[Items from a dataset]
-- Opening Marker --
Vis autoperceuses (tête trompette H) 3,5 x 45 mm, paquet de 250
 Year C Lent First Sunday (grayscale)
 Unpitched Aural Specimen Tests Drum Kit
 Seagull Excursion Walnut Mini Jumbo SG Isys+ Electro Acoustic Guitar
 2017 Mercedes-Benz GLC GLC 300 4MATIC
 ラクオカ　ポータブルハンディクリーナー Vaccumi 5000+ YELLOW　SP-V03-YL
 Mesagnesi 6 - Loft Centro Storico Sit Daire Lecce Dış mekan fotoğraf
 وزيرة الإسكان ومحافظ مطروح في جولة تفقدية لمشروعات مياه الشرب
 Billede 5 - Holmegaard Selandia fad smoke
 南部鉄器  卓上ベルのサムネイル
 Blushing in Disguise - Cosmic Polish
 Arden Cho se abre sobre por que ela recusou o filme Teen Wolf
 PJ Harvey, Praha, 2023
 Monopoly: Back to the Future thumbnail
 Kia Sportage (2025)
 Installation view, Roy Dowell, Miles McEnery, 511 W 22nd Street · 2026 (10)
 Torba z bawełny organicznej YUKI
-- Closing Marker --
▸ **GOAL OF THE EXERCISE**: Each line from the one containing "Monopoly: Back to the Future thumbnail" through the final line of the records must be repeated exactly, with no line added or dropped.

▸ **SOLUTION TO THIS TASK**:
 Monopoly: Back to the Future thumbnail
 Kia Sportage (2025)
 Installation view, Roy Dowell, Miles McEnery, 511 W 22nd Street · 2026 (10)
 Torba z bawełny organicznej YUKI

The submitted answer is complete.